Top of Supplied material
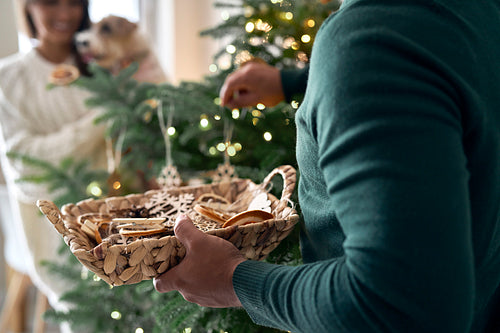 Close up of basket full of Christmas tree decorations in man's hands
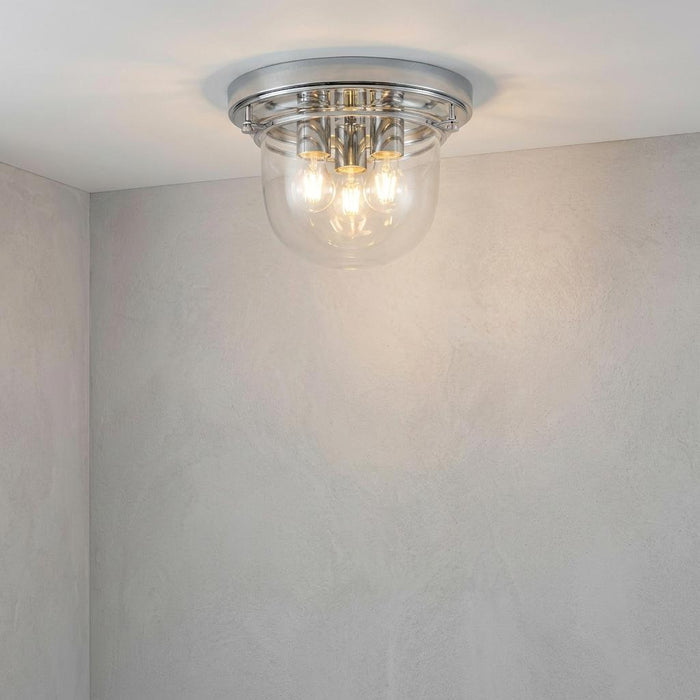 Chrome Quoizel Whistling 3-light bathroom flush mount ceiling light with a clear glass dome on a white ceiling.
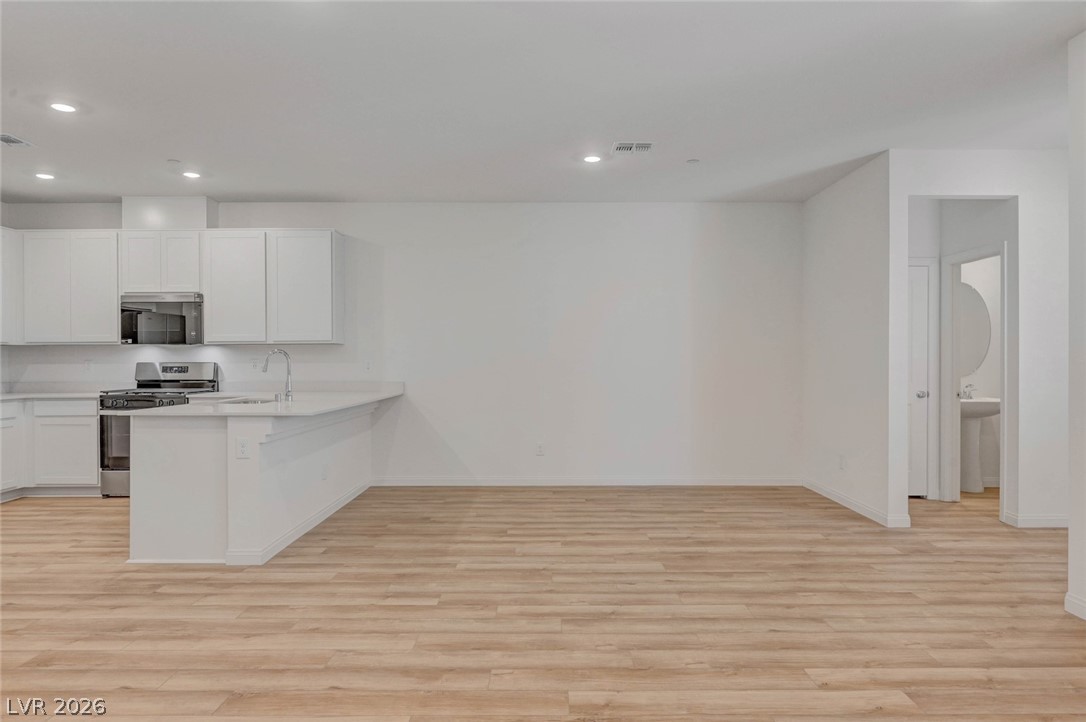 3548 Dimora Street Henderson, NV 89044 - Photo 12 of 40 Kitchen featuring light wood-style flooring, baseboards, and appliances with stainless steel finishes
Bottom of Supplied material
*What the task asks*: Take the material above from its first line through the line holding "Chrome Quoizel Whistling" and set it down exactly, without the pictures.

*Response for this exercise*:
 Close up of basket full of Christmas tree decorations in man's hands
 Chrome Quoizel Whistling 3-light bathroom flush mount ceiling light with a clear glass dome on a white ceiling.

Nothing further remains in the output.